Al loro primo lungometraggio, presentato alla 13. Festa del Cinema di Roma nella sezione parallela di Alice nella Città, i registi Salima Glamine e Dimitri Linder portano in scena con For A Happy Life un dramma familiare che rappresenta le profonde pieghe dei tradizionalismi culturali all’interno di un mondo contemporaneo in cui l’individualismo dovrebbe essere un diritto fondamentale dell’individuo.
UNA STORIA D’AMORE TRA DUE GIOVANI OSTACOLATA DALLE RISPETTIVE FAMIGLIE
Amel (Sofia Lesaffre) e Mashir (Zeerak Christopher) sono due giovani che vivono ormai da un anno e mezzo un’intensa storia d’amore, tenendola nascosta alle rispettive famiglie. Algerina lei e pakistano lui, vivono infatti sotto la pressione delle rispettive culture e dei rigidi dettami delle loro tradizioni. Ma quando i genitori di Mashir decidono per lui la futura moglie, Amel cerca in ogni modo di evitare che questo accada gettando però scompiglio tra le famiglie.
UN’OPERA PRIMA CHE MESCOLA DRAMMA FAMILIARE ED IMPEGNO SOCIALE
For A Happy Life racconta uno spaccato di vita complesso e variegato che, in mano ad altri registi, poteva clamorosamente trasformarsi in un teen movie dai toni drammatici. Tuttavia la sceneggiatura presenta con estrema naturalezza un insieme di personaggi e situazioni che non scadono mai nel patetico ma tracciano in maniera credibile i sentimenti che gli adolescenti di oggi provano nei confronti delle loro culture, barcamenandosi tra il rispetto verso le proprie famiglie e i desideri individuali che cercano di sopprimere.

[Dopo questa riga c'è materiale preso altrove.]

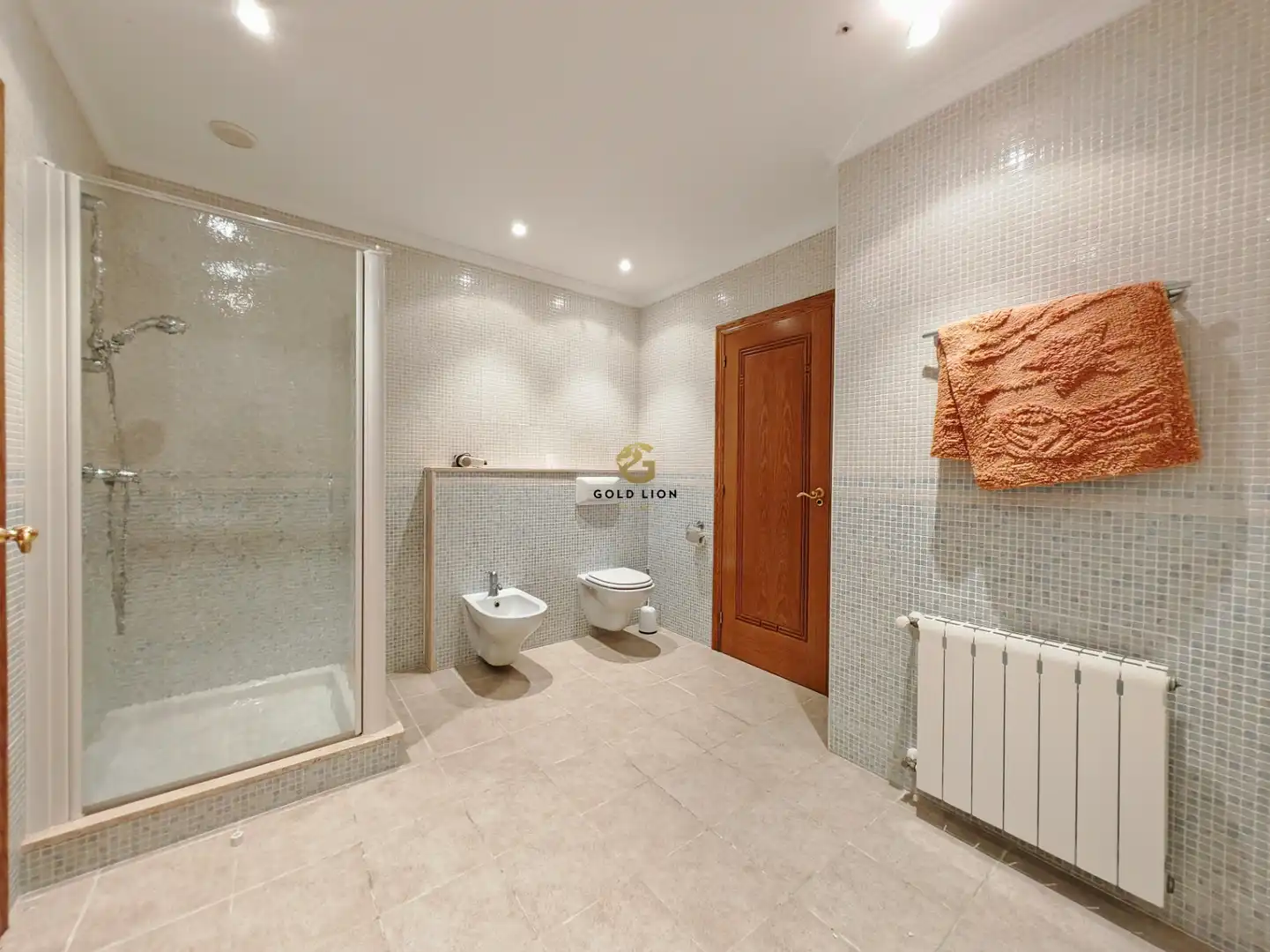 Bathroom of Houses for sale in Dénia  with Air Conditioner, Heating and Private garden
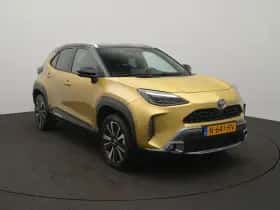 Toyota Yaris Cross (2021) thumbnail 2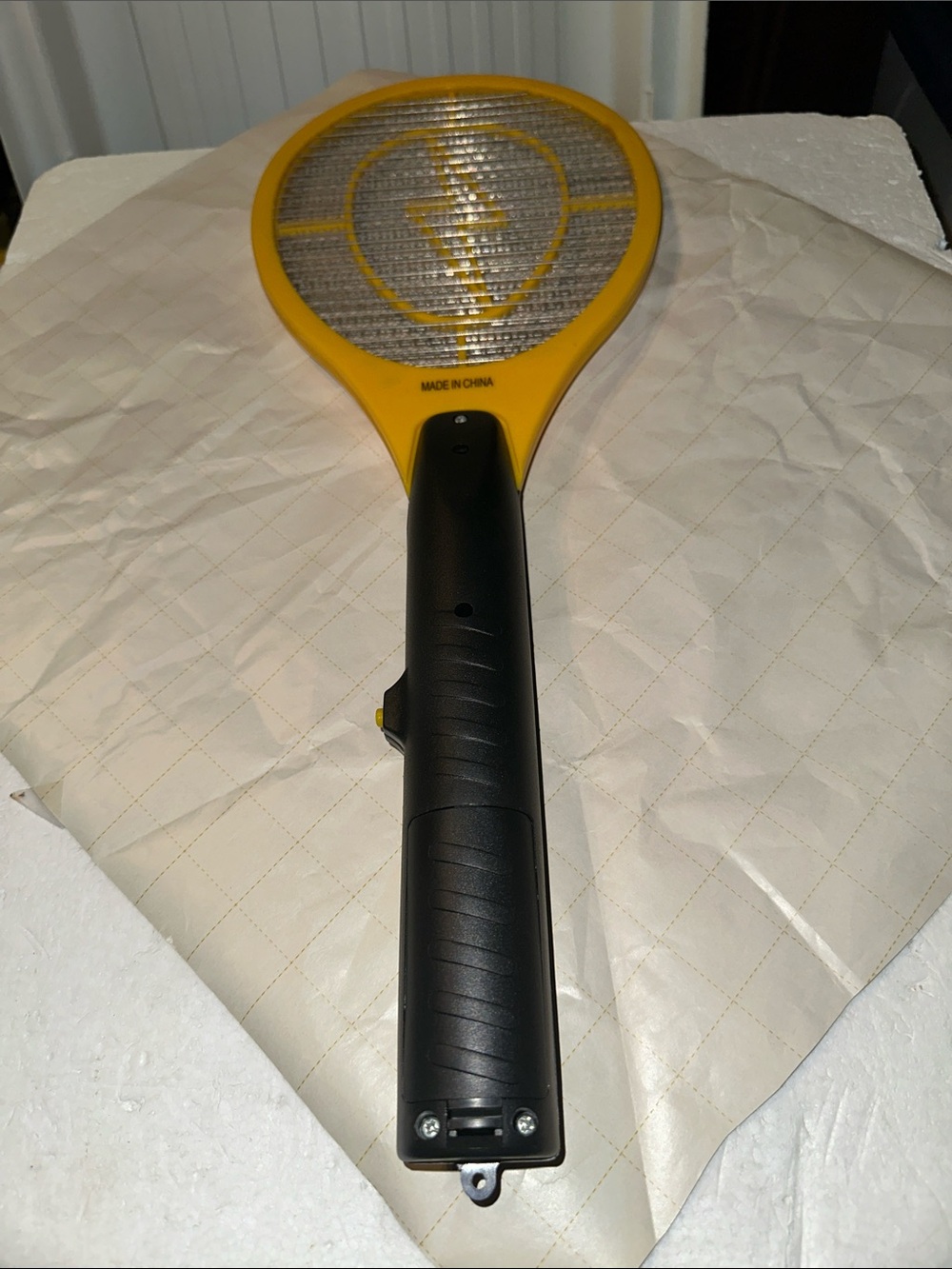 Electric Bug Zapper Racket - Picture 5 of 6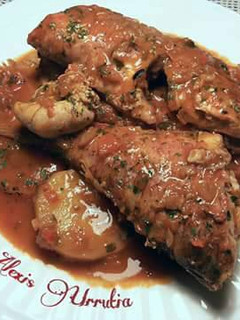 Una foto de Cazuela de salmonetes con patatas en salsa de azafrán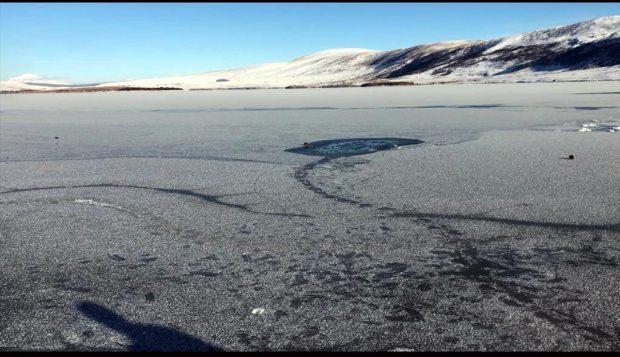 Ardahan'da bulunan Aktaş Gölü kısmen buz tuttu.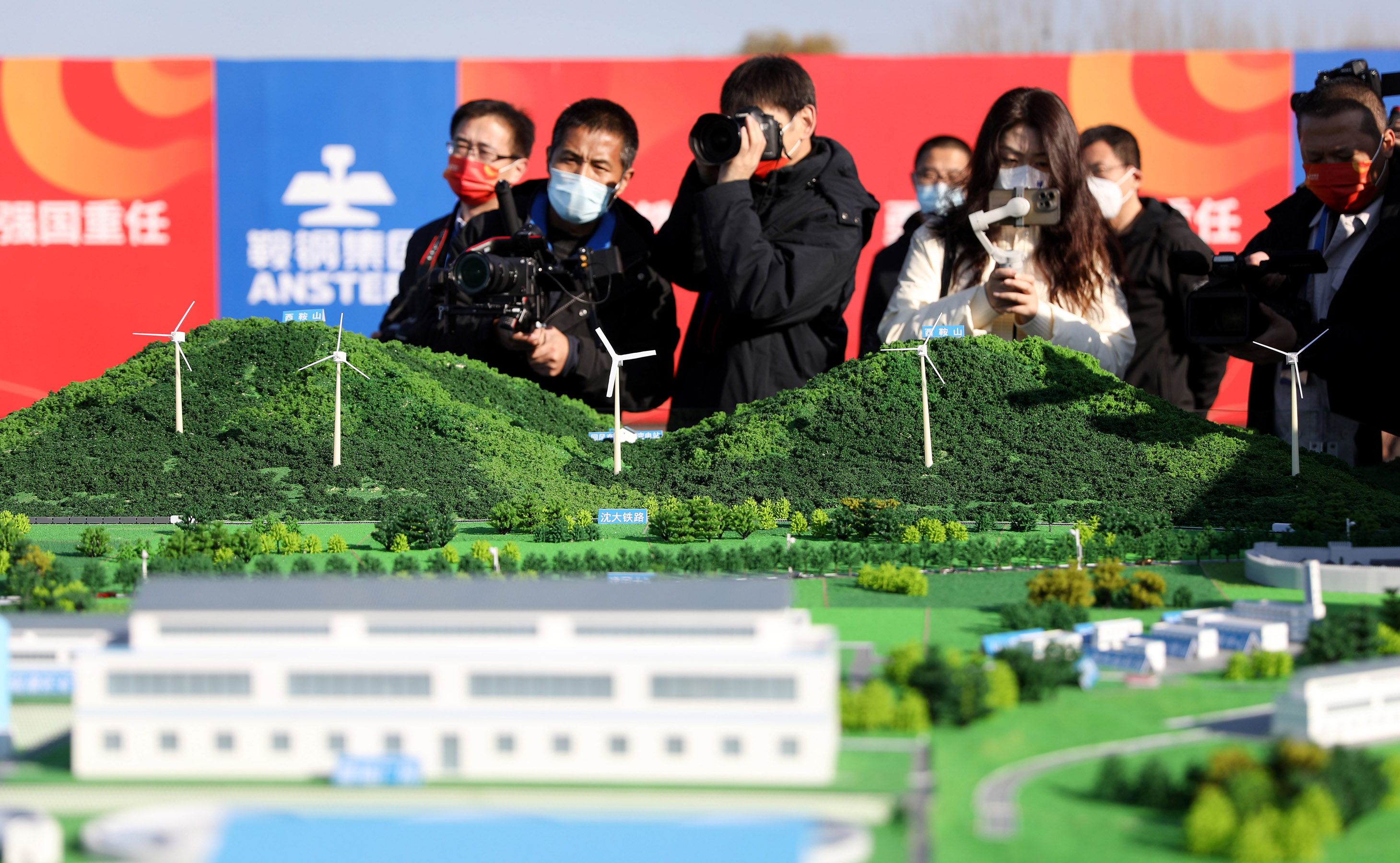 將&ldquo;鋼鐵糧食&rdquo;抓在自己手中 一批自有礦山加快上馬 鐵礦項(xiàng)目建設(shè)回暖　增產(chǎn)還須提&ldquo;質(zhì)&rdquo;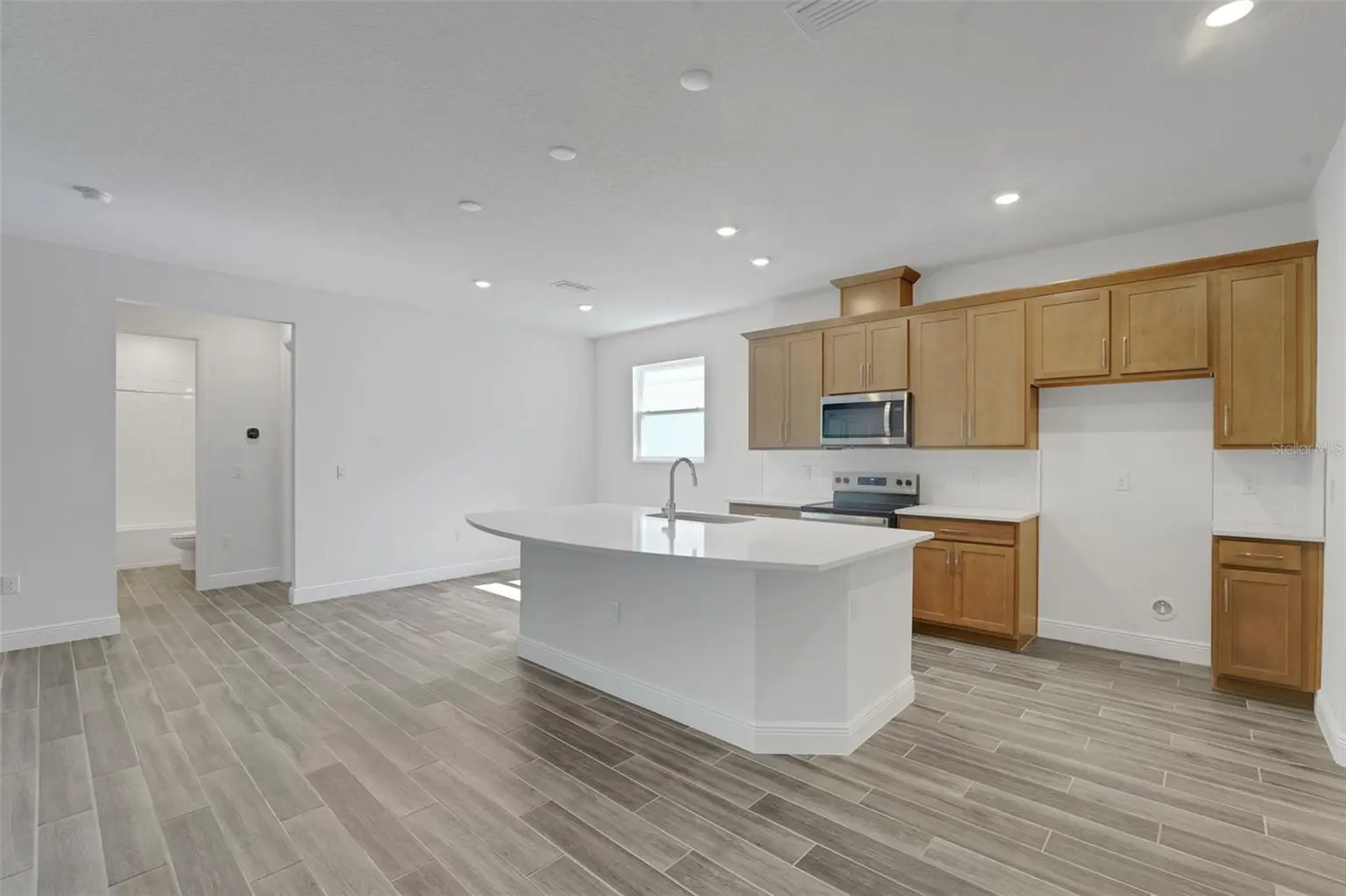17546 VALLEYWOOD PARKWAY, LAND O LAKES, FL, photo 14 of 34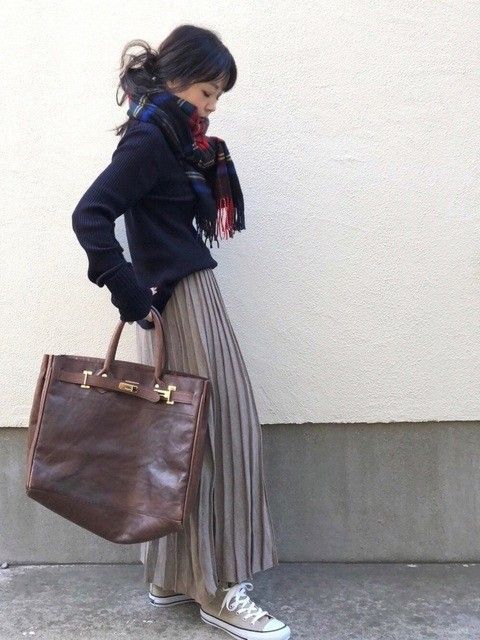茶色スカートのコーデまとめ 秋っぽさ抜群 一枚あれば春の大人スタイルにも着回せる Lamire ラミレ
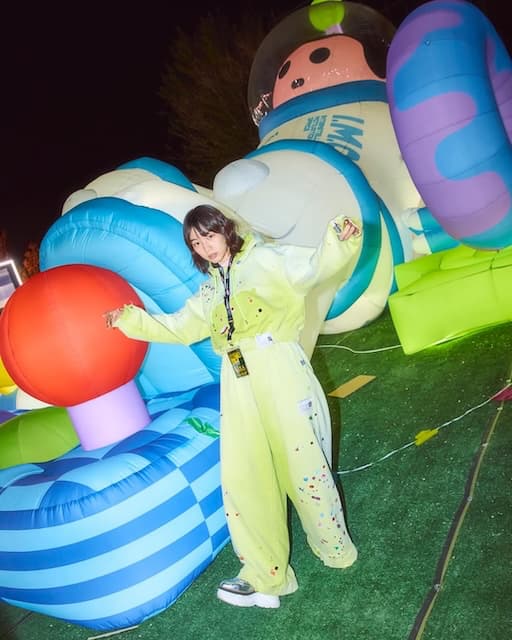 「後ろのオブジェが気になります」のん、北京ライブでの“リハ合間に撮った写真”を公開！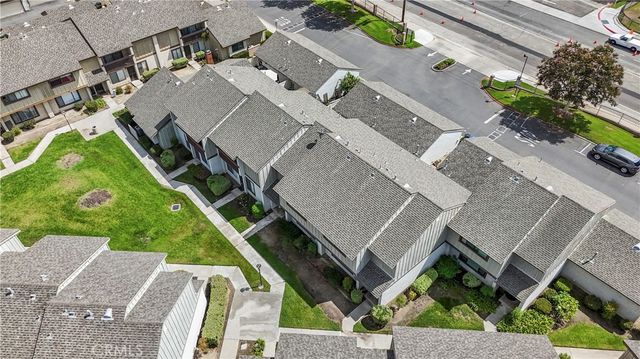 1401 W Cerritos 64, Anaheim, CA 92802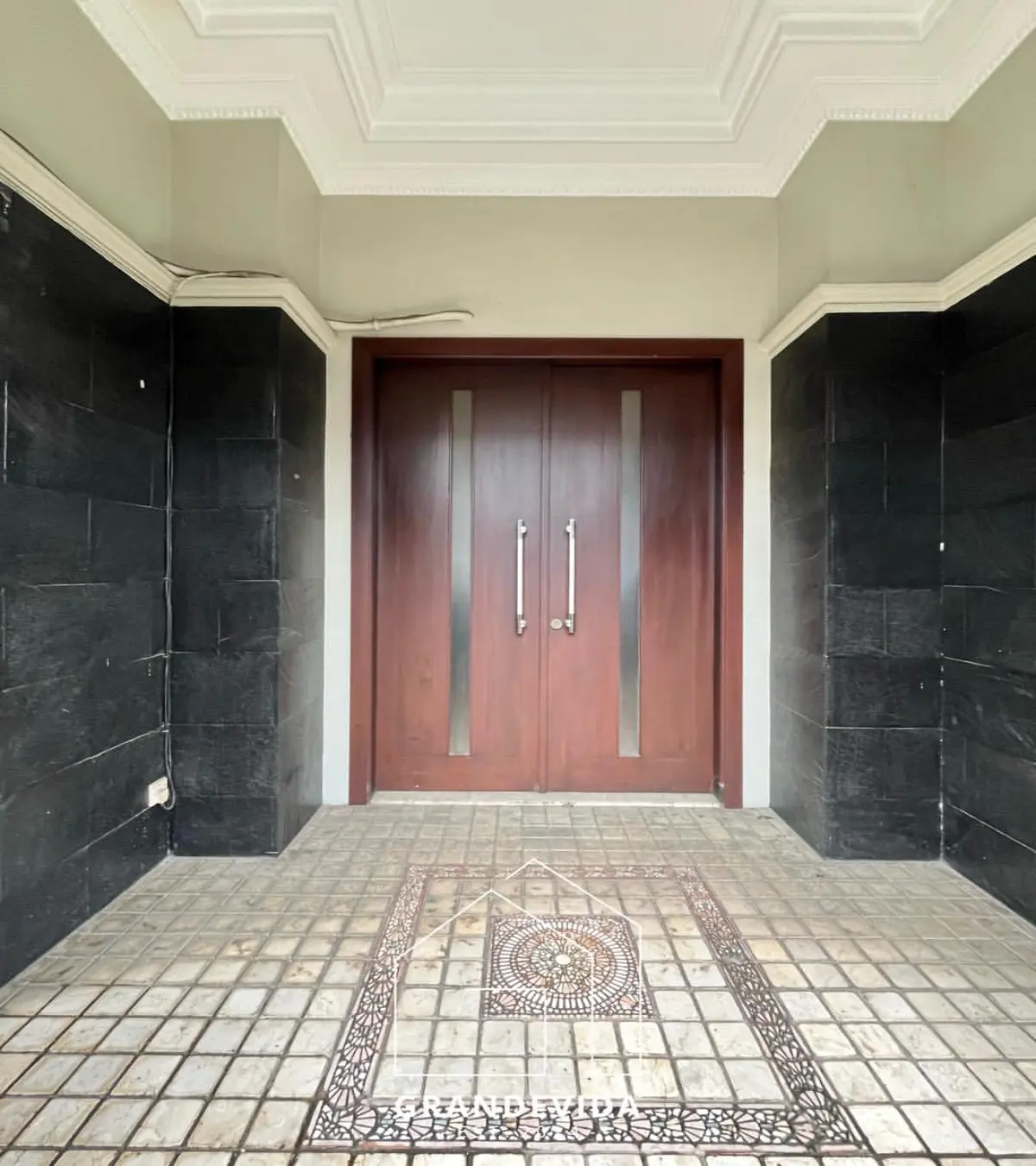 68e723ac8e895.webp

La protagonista Amel è, tra tutti, la più complessa: non si tratta solo di un algerina innamorata di un pakistano la cui famiglia non ammetterebbe mai un matrimonio tra loro ma è soprattutto una ragazza che vive intense trasformazioni sentimentali senza l’appoggio della madre morta ormai da qualche anno, mentre il padre, che non sa come comportarsi, ha instaurato con lei un rapporto distratto e fin troppo razionale. Un romanzo familiare che parte da una vicenda privata per allargarsi fino ad un’intera comunità.
I registi però non si spingono nel giudizio netto verso i tradizionalismi catalogandoli come superati e irrispettosi nei confronti dell’individuo ma si accontentano di portare alla luce una storia d’amore in un contesto complesso ed eterogeneo. Anzi, la semplificazione è una grande insidia che Glamine e Linder tengono ben lontana dalla loro opera prima. Se la gelosia di una diciassettenne può facilmente far scivolare il film nel sentimentalismo, in questo caso il mostro dagli occhi verdi che abita la mente di Amel si mostra in tutta la sua intensità raccontando come l’animo umano viva il conflitto tra il bene e il male.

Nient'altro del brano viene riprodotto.